**Exercise aim**
What you return must match the data below exactly, minus any pictures.

**Data provided**
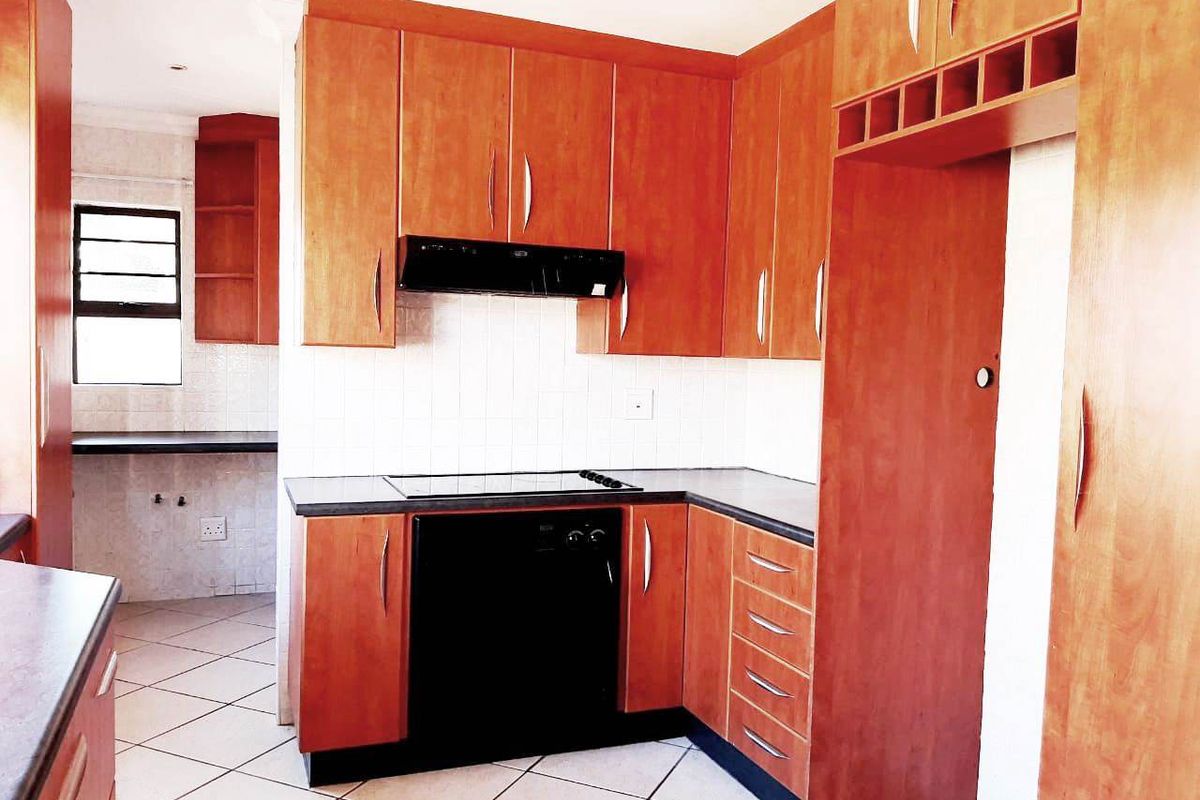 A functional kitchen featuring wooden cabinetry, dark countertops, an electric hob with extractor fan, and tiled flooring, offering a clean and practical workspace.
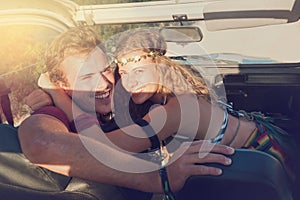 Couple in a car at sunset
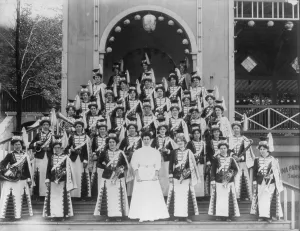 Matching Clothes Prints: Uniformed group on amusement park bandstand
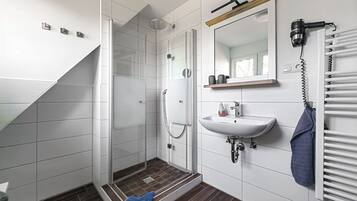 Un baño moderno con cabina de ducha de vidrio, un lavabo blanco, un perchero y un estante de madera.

**Solution to the exercise**
 A functional kitchen featuring wooden cabinetry, dark countertops, an electric hob with extractor fan, and tiled flooring, offering a clean and practical workspace.
 Couple in a car at sunset
 Matching Clothes Prints: Uniformed group on amusement park bandstand
 Un baño moderno con cabina de ducha de vidrio, un lavabo blanco, un perchero y un estante de madera.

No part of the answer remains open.